10 486 euros et 89 centimes, c’est d’ailleurs la somme que Gérard Onesta a refusée et qu’il a tenu à rembourser. En 2010, c’est un refus de la Préfecture.
Les services de l’Etat opposent une fin de non-recevoir. Motif : il n’existe aucune procédure de remboursement. L’affaire remonte au ministère de l’Intérieur. Même son de cloche.
«Cet argent vous appartient, vous pouvez en faire ce que voulez !». C’est le discours opposé à Gérard Onesta.
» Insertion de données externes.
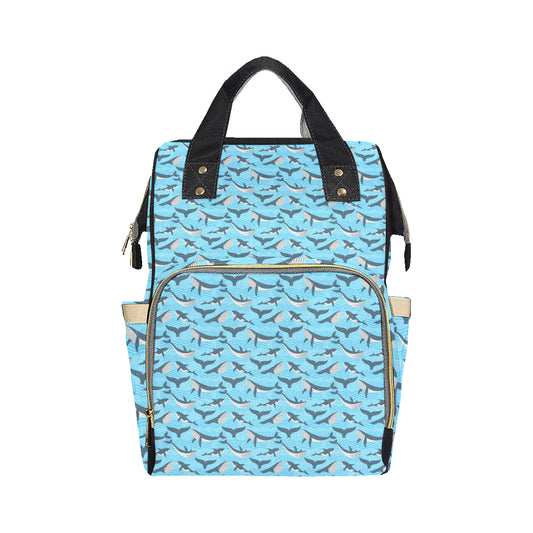 Whale Pattern Design Themed Print Diaper Bag Backpack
L’élu régional contacte alors la CNCFP. L’autorité de contrôle reconnaît que l’Etat perd ainsi des sommes considérables et fait un cadeau injustifiable aux candidats. Mais la loi est la Loi. Le diable est dans un détail : les textes prévoient un remboursement forfaitaire (calculée sur 12 mois) et non un remboursement au « réel » (le nombre de mois durant lesquels les taux bancaires s’appliquent réellement).
Gérard Onesta ne renonce pas et menace d’organiser une conférence de presse. Une conférence de presse au cours de laquelle la tête de liste EELV aux régionales prévoit d’étaler les 10 000 euros offert par l’Etat en petites coupures.
L’activisme finit par payer. Le Parlement rend service aux caisses de l’Etat. Le législateur adopte enfin le mécanisme du remboursement au «réel ». Quant à l’élu régional, il obtient enfin le droit de rembourser la somme trop perçue :
Ce n’est vraiment pas de chance pour les candidats aux régionales 2015. La campagne a été la plus chère de toutes les élections régionales. Pas beaucoup de grands meetings. Mais de méga-indemnités kilométriques à la taille d’une hyper-région et des frais d’imprimeries XXL pour éditer des millions de bulletins de vote et de profession de foi.
Face à cette montagne de dépenses, le bonus aurait pu être joli. C’était sans compter sur un sursaut de bon sens de la part du législateur.
Une campagne n’est pas faite pour enrichir personnellement les candidats.
Il a tout de même fallu attendre 15 ans et les régionales de 2010 pour corriger le tir.